Maman et sportive de haut niveau : incompatible, vraiment ?

La maternité est un sujet tabou dans le sport de haut niveau, c’est une réalité. Chez les footballeuses, les cas de mères-joueuses se comptent sur les doigts d’une main. Dans l’athlétisme ou les sports de combat, il y en a déjà un peu plus. Le handball, lui, pourrait faire partie des exceptions avec beaucoup de grandes joueuses ayant su mener leur carrière et leur vie de famille sur le même front. Mais alors pourquoi cette situation, si naturelle, demeure-t-elle si compliquée à gérer pour beaucoup ?

«Comment peut-on reprocher à une femme de tomber enceinte en 2021 ? On a accepté trop de choses. La société doit arrêter de discriminer les femmes. C’est important que la voix des femmes se fasse entendre », confiait Lara Lugli, volleyeuse italienne chez nos confrères du Parisien il y a quelques semaines. Son histoire a fait le tour de monde depuis maintenant 2018. Alors qu’elle évoluait au sein du club de Pordenone en Italie, pensionnaire de Troisième division, la jeune femme âgée de 39 ans tombe enceinte. Elle est licenciée sur le champ, sans préavis ni indemnités, pour avoir annoncé sa grossesse en plein milieu de la saison sportive, un moment jugé important par le club.
La malheureuse fera une fausse couche et pour rajouter encore un peu plus de pathétique sur l’attitude du club transalpin, celui-ci, non content de son forfait, choisit de poursuivre sa joueuse en justice et demande de l’argent, le tout en respectant parfaitement la loi italienne… Sans commentaire… En France, un autre événement avait lui aussi ébranlé la planète Hand, du côté du Nantes Atlantique Handball en 2020. A l’époque, six joueuses avaient élevé la voix pour faire savoir que des tests de grossesses avaient été réalisés sans leur consentement, à l’insu de leur plein gré, provoquant une vague d’indignation et un coup de projecteur sur un phénomène loin d’être anodin.

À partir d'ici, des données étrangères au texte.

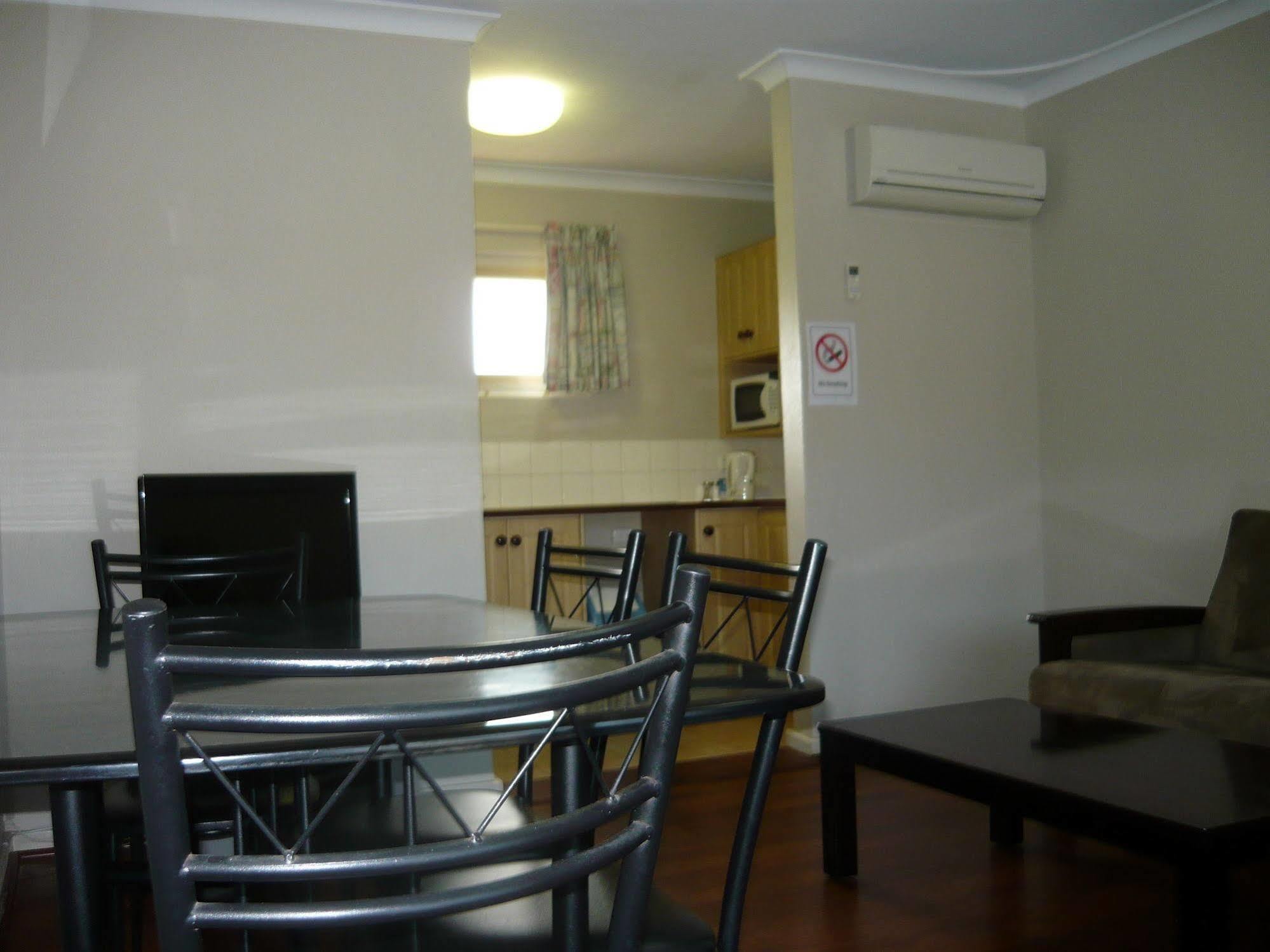 Albany Apartments Ngoại thất bức ảnh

Avant d’être des sportives de haut niveau, nos championnes sont avant tout des femmes et des mamans en puissance, en pleine force de l’âge. A Saint-Grégoire, les filles du SGRMH évoluent en Division 2. Chez les Roses, la question de la maternité n’est pas un problème, ni un débat ! « Quand une joueuse déjà expérimentée arrive au sein de notre club, nous avons conscience que lors de sa deuxième année de contrat, il y a une possibilité pour qu’elle tombe enceinte. Nous ne sommes pas surpris, c’est dans la suite logique des choses de la vie privée et du couple et nous nous inscrivons sur le moyen et long terme avec elles », explique Olivier Mantès, entraîneur du club. Laure Bulucua, joueuse du club arrivée en 2019, est maman depuis quelques mois. Au sein du club, la nouvelle a été très bien reçue, tout le monde ayant avant tout pensé au bonheur de la future maman et de sa famille avant de penser à l’absence à venir de la joueuse. « C’était un projet de vie depuis un long moment, ce n’était pas forcément prévu cette année, c’est arrivé plus tôt que ce que nous avions pu l’imaginer. Je pensais plutôt tomber enceinte après ma carrière professionnelle ».

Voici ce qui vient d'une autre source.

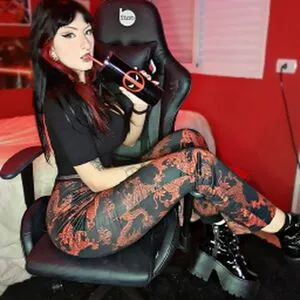 Scaryume OnlyFans Leaked Free Thumbnail Picture - #t2O3nwAiGj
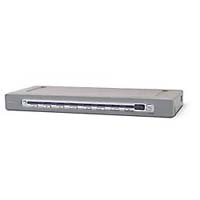 F1DP108AEA Belkin KVM 8 PORTE SERIE SMB CAT5 - Clicca l'immagine per chiudere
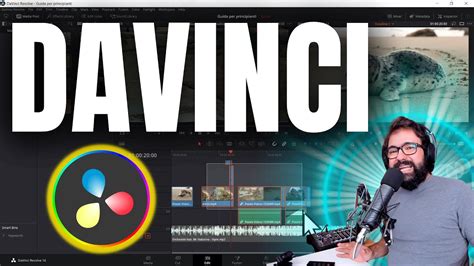 Davinci Resolve Per Principianti Il Tutorial Completo Al Miglior Video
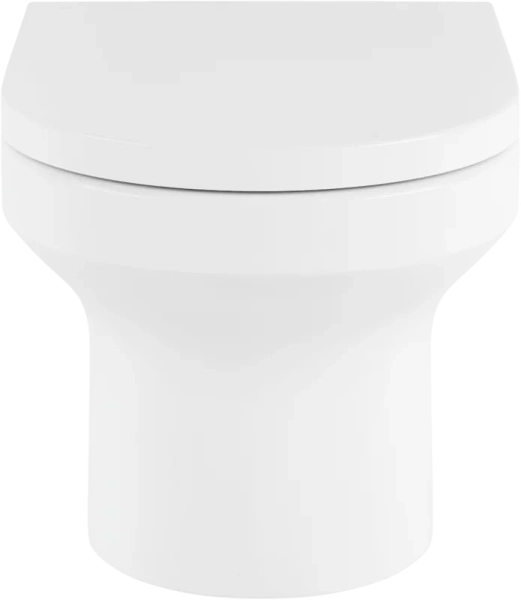 Унитаз подвесной Lavinia Boho Grance Hill с сиденьем микролифт, безободковые, сиденье с микролифтом , с антивсплеском index_1 - фото 14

« MON JEU SUR LE TERRAIN VA CHANGER C’EST SÛR. JE NE SAIS PAS ENCORE TROP COMMENT, NI POURQUOI MAIS JE PENSE QU’ÉMOTIONNELLEMENT JE SERAIS ENCORE PLUS IMPLIQUÉE SUR LE TERRAIN. »

La vie et l’amour en ont décidé autrement ! Dans le hand, plusieurs internationales françaises ont déjà ouvert la voie et démontré qu’il était possible de mener les deux de front, sans craindre de perdre sa place ou pire, son travail. C’est notamment le cas de Cléopatre Darleux, Laura Glauser ou encore Siraba Dembelé, toutes trois joueuses majeures des Bleues. « Ce sont elles qui font bouger les lignes, qui peuvent prouver qu’être maman et sportive professionnelle n’est pas incompatible. Je suis fière que dans mon sport, il y ait déjà de nombreuses « joueuses-maman », continue Laure.

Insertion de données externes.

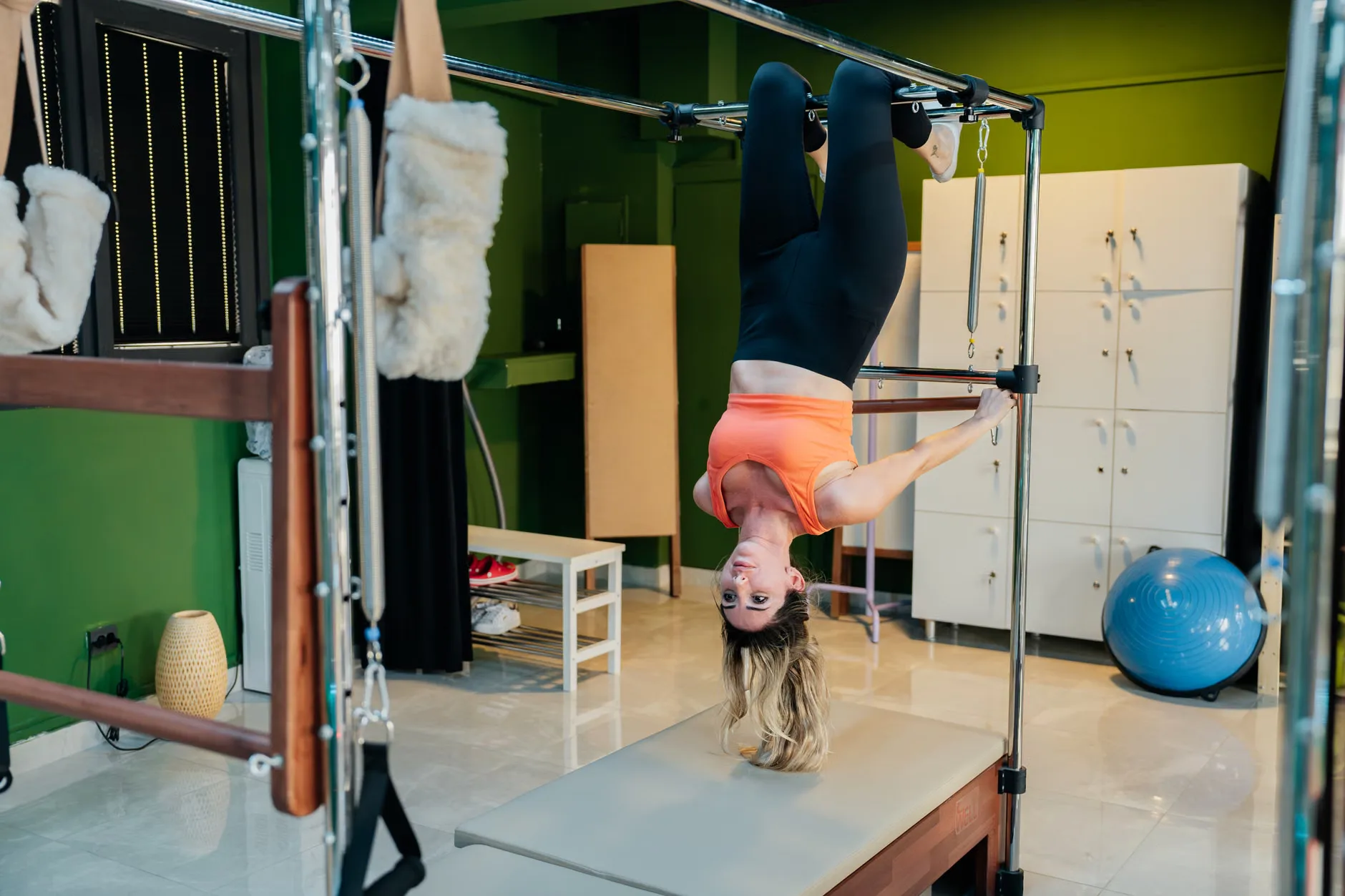 Pilates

Devenir maman, cela devrait être donné, sans crainte ni contrainte, à toute femme qui le souhaite. Si côté physiologique, la nature a bien fait les choses, côté administratif, c’est un tout autre sacerdoce ! Dans la vie de tous les jours, les démarches sont simples : on annonce sa grossesse à son employeur et dès la date de son congé maternité connu, ce dernier peut mettre les choses en place.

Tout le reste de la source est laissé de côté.